For as much as I hate to admit it, I too am guilty of treating law enforcement officers with suspicion and a fair amount of cynicism. More than that, I have told myself that I can and should expect little or nothing from them. I base this assumption not on my personal experience but on a collage of print and digital media reports, as well as the anecdotal evidence of others. My personal experience, however, paints a rather different picture.
There was the time I turned right into what I thought was a two way street but which evidently was a one way — in the opposite direction. Of course, it had to be a busy intersection at a busy time of day and consequently, I found myself in a tight spot – literally. I soon realised that a member of the metropolitan police had been a witness to the entire event and when he approached my vehicle, I anticipated the worst. Instead, after his emphasising the gravity of the situation I found myself in and my explaining that I was not familiar with that part of town, he not only helped me navigate my way out of the tight spot but also escorted me to the road I needed to be on to reach my destination. It was not the response I had expected but certainly the one I had hoped for — and needed.
Then there was the time my car was almost stolen. The genuine kindness and concern of a plainclothes cop who happened to be near the scene impressed me. As did the professional yet caring conduct of the uniformed police officers who arrived within minutes of his call. And I could go on. Yet, my mind insists on returning to what has become its default position, time and time again. Perhaps due in no small part to the fact that I know others’ experiences have unfortunately been vastly different to mine.

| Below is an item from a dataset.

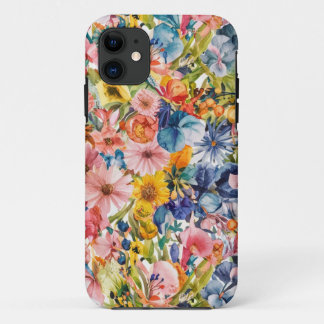 Capa Para iPhone 11 Padrão de Arte do Flor Laranja Amarelo Verde Cor-d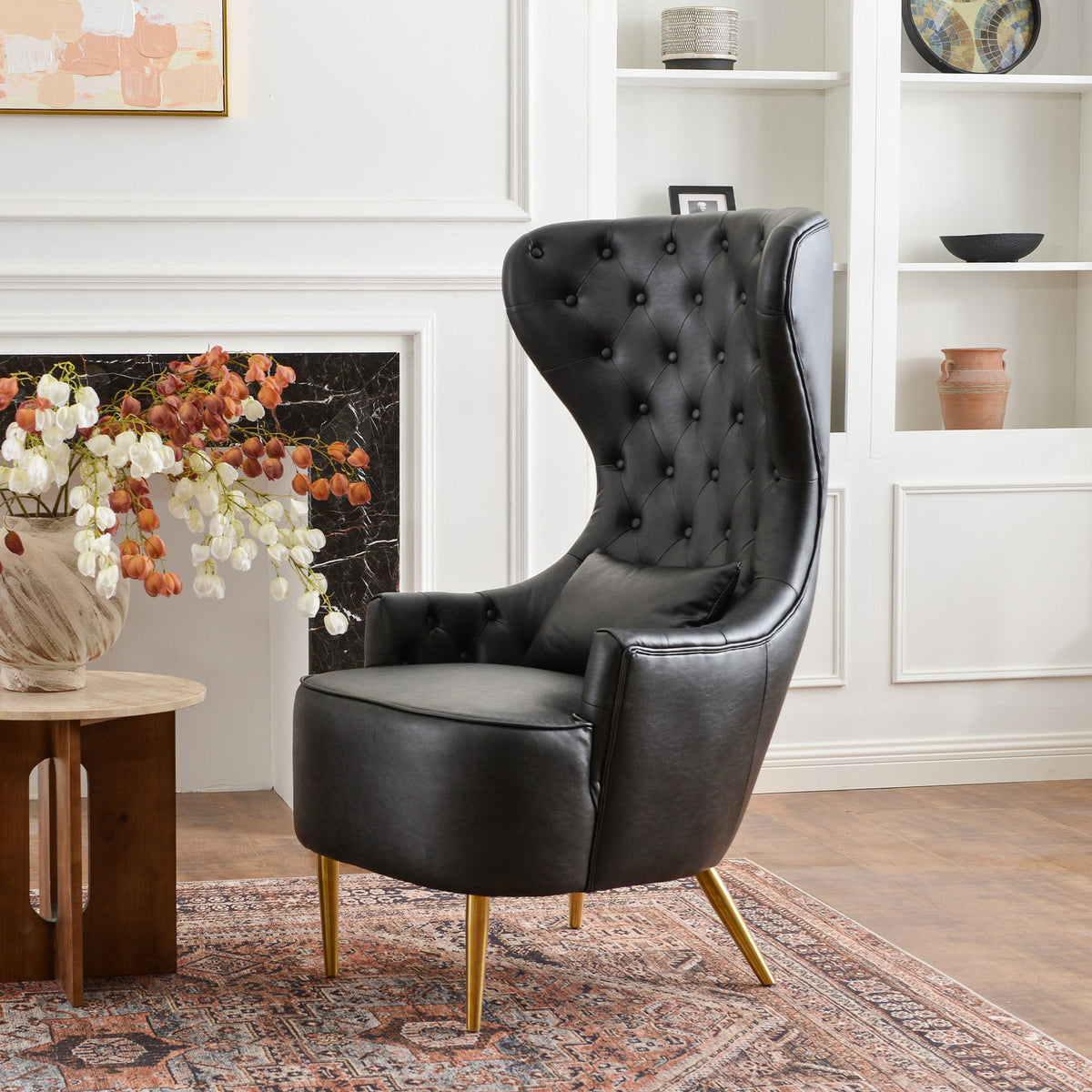 Letitia Faux Leather Wingback Chair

In my opinion, this is a major part of the challenge in fighting crime in our nation: The fact that many of us have become passive bystanders in the fight. That is, for a number of different and often very personal reasons, we are hesitant to participate in the management of crime. We may feel powerless and disillusioned; be afraid of reprisals; or see the fight against crime as a job for the skilled and qualified only. Sadly, and I have heard this more than once, we do this to the benefit of only the criminal element in society.
Duty of every citizen
It is my firm belief that maintaining lawfulness is the duty of every citizen, and that our specific role should be to hold the police accountable and participate in the justice system in an appropriate yet meaningful way. But if we are to do this effectively, we cannot view law enforcement officers as inherently ‘bad’. We need to give them the benefit of the doubt (It does, however, go without saying that it is important to be vigilant, especially at night and when alone, to apply wisdom to every situation and to know our legal rights should we have the misfortune to find ourselves on the wrong side of the law, for whatever reason). We have the right to demand the highest form of conduct from all those responsible for law enforcement, and that they do their job to the best of their training and ability. They cannot do it alone, however; they need our cooperation and assistance. This necessarily means that we ‘police’ ourselves first and others second, and that we become more involved members of our local communities, willing to work alongside and with the police in the fight against crime. For in the words of Alexsandr Solzhenitsyn: “Justice is conscience, not a personal conscience but a conscience of the whole of humanity. Those who clearly recognise the voice of their own conscience usually recognise also the voice of justice”.